**TASK DETAILS:**
Check each line of the data below for the string "sale". Then give the number of lines that have it, without anything else.

+--

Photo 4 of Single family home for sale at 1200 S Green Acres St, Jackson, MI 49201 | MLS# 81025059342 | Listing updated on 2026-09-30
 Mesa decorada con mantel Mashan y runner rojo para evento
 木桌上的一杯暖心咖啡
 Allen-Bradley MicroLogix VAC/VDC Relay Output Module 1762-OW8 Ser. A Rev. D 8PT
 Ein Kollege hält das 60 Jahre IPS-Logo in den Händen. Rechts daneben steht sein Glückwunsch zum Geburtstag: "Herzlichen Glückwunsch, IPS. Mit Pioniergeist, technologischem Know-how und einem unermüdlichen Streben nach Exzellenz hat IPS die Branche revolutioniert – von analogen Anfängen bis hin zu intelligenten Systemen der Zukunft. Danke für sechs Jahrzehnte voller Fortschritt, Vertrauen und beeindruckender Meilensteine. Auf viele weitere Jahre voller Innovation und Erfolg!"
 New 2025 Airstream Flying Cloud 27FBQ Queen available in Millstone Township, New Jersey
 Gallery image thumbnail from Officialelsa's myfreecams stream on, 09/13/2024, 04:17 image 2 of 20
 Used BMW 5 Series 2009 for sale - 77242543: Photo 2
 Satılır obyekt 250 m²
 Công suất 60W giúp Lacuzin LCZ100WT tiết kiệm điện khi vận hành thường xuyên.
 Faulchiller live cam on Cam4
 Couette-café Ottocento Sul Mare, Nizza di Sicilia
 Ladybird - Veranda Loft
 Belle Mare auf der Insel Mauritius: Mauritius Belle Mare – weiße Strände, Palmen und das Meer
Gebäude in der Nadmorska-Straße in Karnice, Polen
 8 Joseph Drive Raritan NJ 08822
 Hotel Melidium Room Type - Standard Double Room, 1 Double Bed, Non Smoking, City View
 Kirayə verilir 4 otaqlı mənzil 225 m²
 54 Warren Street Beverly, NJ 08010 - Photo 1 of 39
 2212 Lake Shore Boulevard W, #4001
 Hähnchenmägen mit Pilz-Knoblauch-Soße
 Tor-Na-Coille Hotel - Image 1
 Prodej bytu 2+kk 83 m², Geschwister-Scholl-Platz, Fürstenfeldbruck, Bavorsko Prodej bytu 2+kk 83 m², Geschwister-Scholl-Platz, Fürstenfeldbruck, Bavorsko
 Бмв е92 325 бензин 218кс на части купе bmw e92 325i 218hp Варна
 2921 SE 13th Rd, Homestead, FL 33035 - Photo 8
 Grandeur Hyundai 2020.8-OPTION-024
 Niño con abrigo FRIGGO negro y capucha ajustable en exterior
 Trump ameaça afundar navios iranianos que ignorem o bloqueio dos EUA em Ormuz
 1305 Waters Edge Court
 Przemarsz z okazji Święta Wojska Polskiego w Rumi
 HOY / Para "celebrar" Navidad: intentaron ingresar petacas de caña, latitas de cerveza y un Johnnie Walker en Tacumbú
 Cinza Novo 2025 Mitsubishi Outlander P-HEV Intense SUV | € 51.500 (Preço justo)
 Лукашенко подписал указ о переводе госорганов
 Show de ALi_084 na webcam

+--

**TASK ANSWER:**
2